## WORK TO BE COMPLETED
In the data below, the answer is the run of lines from the line containing "Thumbnail: 2021 Chevrolet Equinox - 12" through the line containing "Tatachka1 from BongaCams", both included; print it exactly and nothing else.

## EXERCISE DATA

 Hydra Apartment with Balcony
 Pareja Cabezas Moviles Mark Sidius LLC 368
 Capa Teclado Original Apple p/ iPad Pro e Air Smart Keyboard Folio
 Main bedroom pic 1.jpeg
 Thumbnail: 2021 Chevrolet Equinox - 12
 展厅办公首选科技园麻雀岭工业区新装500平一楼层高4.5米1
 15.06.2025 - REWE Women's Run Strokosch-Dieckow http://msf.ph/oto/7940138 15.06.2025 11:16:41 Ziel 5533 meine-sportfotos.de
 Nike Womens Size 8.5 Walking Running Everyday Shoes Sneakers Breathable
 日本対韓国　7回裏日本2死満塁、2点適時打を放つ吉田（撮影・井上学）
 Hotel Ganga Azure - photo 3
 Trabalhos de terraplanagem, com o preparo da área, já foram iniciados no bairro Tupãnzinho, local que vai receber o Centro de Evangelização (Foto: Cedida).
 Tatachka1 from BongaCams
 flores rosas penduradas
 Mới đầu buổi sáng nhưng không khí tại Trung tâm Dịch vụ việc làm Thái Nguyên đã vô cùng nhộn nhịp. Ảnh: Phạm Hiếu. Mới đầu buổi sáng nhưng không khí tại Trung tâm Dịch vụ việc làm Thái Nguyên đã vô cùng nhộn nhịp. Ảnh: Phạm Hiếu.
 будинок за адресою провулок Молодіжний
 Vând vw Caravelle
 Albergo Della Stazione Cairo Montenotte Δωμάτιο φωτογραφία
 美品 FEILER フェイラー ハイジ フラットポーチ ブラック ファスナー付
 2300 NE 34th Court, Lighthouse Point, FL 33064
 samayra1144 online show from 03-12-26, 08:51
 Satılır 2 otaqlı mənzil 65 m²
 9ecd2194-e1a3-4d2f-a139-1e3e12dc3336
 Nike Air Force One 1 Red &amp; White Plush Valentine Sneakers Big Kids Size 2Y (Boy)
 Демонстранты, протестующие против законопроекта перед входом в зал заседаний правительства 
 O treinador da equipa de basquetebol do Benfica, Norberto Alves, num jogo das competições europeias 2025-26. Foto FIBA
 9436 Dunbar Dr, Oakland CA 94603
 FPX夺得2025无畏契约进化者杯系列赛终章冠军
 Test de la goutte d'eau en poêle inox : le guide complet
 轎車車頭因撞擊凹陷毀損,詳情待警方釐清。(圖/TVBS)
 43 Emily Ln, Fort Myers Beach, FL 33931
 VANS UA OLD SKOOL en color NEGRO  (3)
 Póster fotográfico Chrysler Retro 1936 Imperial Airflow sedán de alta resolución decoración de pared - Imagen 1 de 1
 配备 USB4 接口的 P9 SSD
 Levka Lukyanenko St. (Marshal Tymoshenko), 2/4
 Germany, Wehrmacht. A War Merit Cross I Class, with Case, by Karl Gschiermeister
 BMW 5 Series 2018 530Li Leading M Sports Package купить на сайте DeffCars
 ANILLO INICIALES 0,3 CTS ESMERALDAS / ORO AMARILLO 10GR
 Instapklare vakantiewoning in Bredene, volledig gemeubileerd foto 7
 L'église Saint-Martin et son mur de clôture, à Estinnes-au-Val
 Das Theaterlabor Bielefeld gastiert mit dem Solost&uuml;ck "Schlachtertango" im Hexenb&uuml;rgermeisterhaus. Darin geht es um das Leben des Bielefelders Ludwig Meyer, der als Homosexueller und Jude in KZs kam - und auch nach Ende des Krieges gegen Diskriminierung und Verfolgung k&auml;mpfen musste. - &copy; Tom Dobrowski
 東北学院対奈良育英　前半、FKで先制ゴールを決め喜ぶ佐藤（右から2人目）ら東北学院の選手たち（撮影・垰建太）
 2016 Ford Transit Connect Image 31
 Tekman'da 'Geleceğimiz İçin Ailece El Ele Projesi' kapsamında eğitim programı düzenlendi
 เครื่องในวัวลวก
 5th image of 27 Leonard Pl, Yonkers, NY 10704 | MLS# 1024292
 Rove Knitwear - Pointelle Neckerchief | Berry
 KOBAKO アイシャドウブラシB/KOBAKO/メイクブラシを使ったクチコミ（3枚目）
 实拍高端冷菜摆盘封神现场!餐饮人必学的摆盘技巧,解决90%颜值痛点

## TASK SOLUTION
 Thumbnail: 2021 Chevrolet Equinox - 12
 展厅办公首选科技园麻雀岭工业区新装500平一楼层高4.5米1
 15.06.2025 - REWE Women's Run Strokosch-Dieckow http://msf.ph/oto/7940138 15.06.2025 11:16:41 Ziel 5533 meine-sportfotos.de
 Nike Womens Size 8.5 Walking Running Everyday Shoes Sneakers Breathable
 日本対韓国　7回裏日本2死満塁、2点適時打を放つ吉田（撮影・井上学）
 Hotel Ganga Azure - photo 3
 Trabalhos de terraplanagem, com o preparo da área, já foram iniciados no bairro Tupãnzinho, local que vai receber o Centro de Evangelização (Foto: Cedida).
 Tatachka1 from BongaCams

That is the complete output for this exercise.